НАСТОЯЩЕЕ
Кто сражается с
чудовищами,
тому следует остерегаться,
чтобы
самому при этом не стать
чудовищем.
(Ф. Ницше)
Брайан
— Ну и рожа… — усмехнувшись своему
отражению в зеркале, склоняюсь над раковиной и плещу себе в лицо
очередную порцию ледяной воды, чтобы хотя бы снаружи выглядеть не
таким ничтожным, каким я себя чувствую внутри.
Вчерашнее сборище головорезов, среди
которых был и ваш покорный слуга, больше походило на оргию, чем
празднование дня рождения Папы. Машинально кривлюсь, вспоминая его
отеческие похлопывания по плечу в знак одобрения за проворачивание
очередного грязного дельца. Меня накрывает рвотный рефлекс каждый
раз, когда я вынужден произносить слово «папа» не по прямому
назначению.
Прости, отец. Надеюсь, ты будешь
мной гордиться.
Когда-нибудь. Там.
Чересчур долго полощу рот, как будто
это поможет очистить мои мысли, и усердно намыливаю руки, чтобы
смыть с них невидимый слой грязи, в которой я барахтаюсь по
собственной воле.
Опираюсь на край раковины и опускаю
равнодушный взгляд вниз, когда на мой живот по-хозяйски
укладываются ладони с умелыми пальцами Ханны. Она – мой бонус за
времяпровождение в одном из самых могущественных преступных кланов
Калифорнии, а ещё она – дочь Папы, иметь которую – особый вид
удовольствия. И под «иметь» я имею в виду не только наши постельные
аттракционы, во время которых меня не покидает чувство, что я –
герой «Шоу Трумана[1]». Каждый раз, когда она пытается изогнуться в
выгодном для неё ракурсе или артистично стонать в лучших традициях
порнофильмов, я так и жду, что за спиной раздастся: «Стоп.
Снято!».
Всё здесь фальшивое, как и я сам, но
цель оправдывает средства. За три года я привык. Вся моя жизнь
после двадцати стала выглядеть, как восхождение на Эверест:
изнуряюще, сложно, местами болезненно, иногда с потерями членов
своей команды, но, когда вскарабкиваешься на вершину, понимаешь,
что оно того стоило. Ради этого я и живу.
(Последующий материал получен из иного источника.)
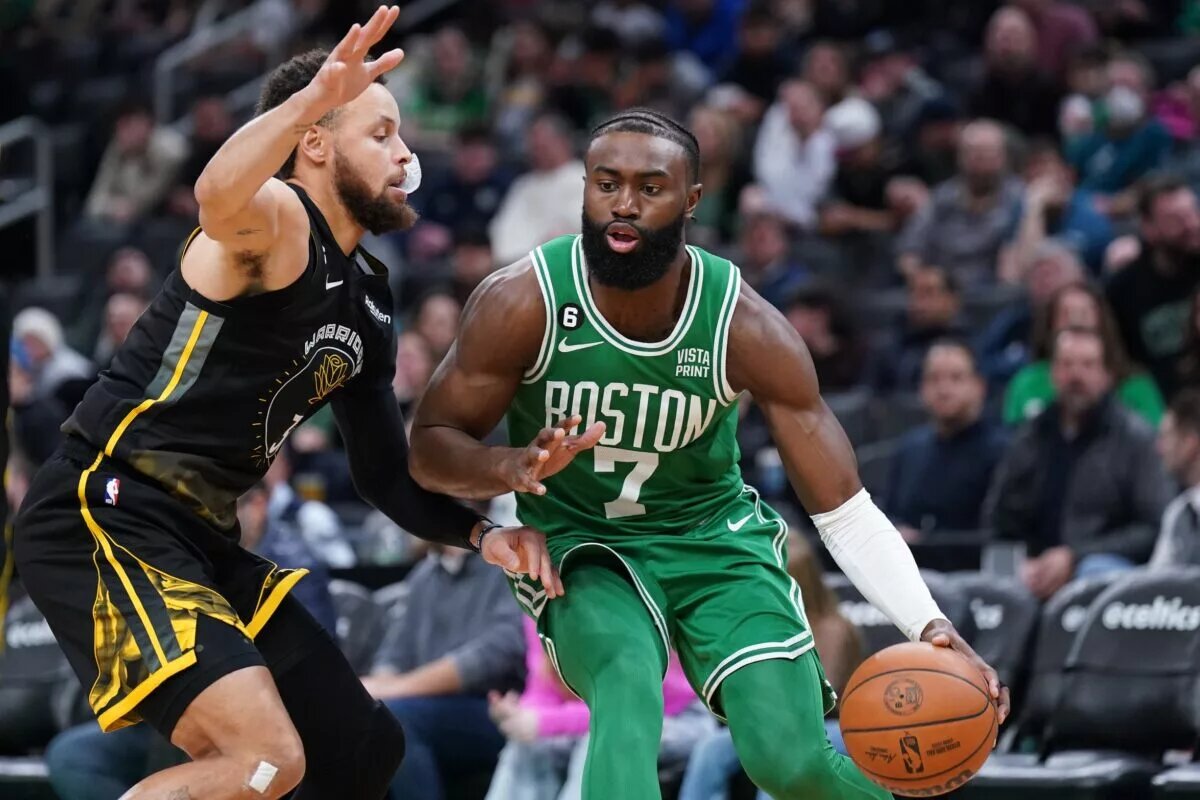 Jan 19, 2023; Boston, Massachusetts, USA; Boston Celtics guard Jaylen Brown (7) drives the ball against Golden State Warriors guard Stephen Curry (30) in the second half at TD Garden. Mandatory Credit: David Butler II-USA TODAY Sports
Перехватываю ладонь девушки в тот
момент, когда она ныряет за резинку моих трусов. Встречаюсь с её
озадаченным взглядом в зеркале и поясняю свой жест:
— Опаздываю на встречу с твоим
отцом.
— Брай, да брось. После вчерашнего
он наверняка будет отсыпаться до обеда, — томно шепчет Ханна и,
обдав мою спину горячим дыханием, начинает искусно вырисовывать на
ней языком карту Европы, не иначе.
Я не железный. Секс с этой
симпатичной малышкой довольно неплох, и утренняя разрядка мне бы
сейчас точно не повредила, но я и правда тороплюсь. Меня разбудил
звонок Генри Купера, подручного Папы. А если звонит он лично,
значит случилась какая-то хрень.
Целую каждый её пальчик по
отдельности, нацепив тот вид многообещающей улыбки, который на неё
действует безотказно. Уверен, в её умной головке уже вертится план
по моему окольцеванию. Этому не бывать, но знать ей об этом совсем
необязательно.
Пока Ханна нежится в пене с
ароматом, сводящим мои скулы, достаю из тайника секретный телефон,
вставляю сим-карту, спрятанную в кулоне с ликом Богородицы на моей
шее, и отправляю нужному адресату традиционное SMS, без которого
через двадцать четыре часа моё имя тотчас вычеркнут из списка
сотрудников, а заодно сотрут всю мою биографию в целях безопасности
страны, и я стану никем. Призраком. Такова моя жизнь. И я
осознавал, на что иду, когда принимал присягу и ставил свою подпись
в контракте.
Хватаю с вешалки первую попавшуюся
рубашку и бежевые брюки, отключаю все глушилки прослушки и скрытых
камер, чтобы в доме даже муха не пролетела без моего ведома, и
спешу в гараж к ещё одному бонусу, который я заработал потом и
кровью, находясь в подчинении Папы. Серебристый спорткар Porsche –
моя награда за то, что я спас жизнь этому ублюдку. Разумеется, всё
было мастерски подстроено моими ребятами.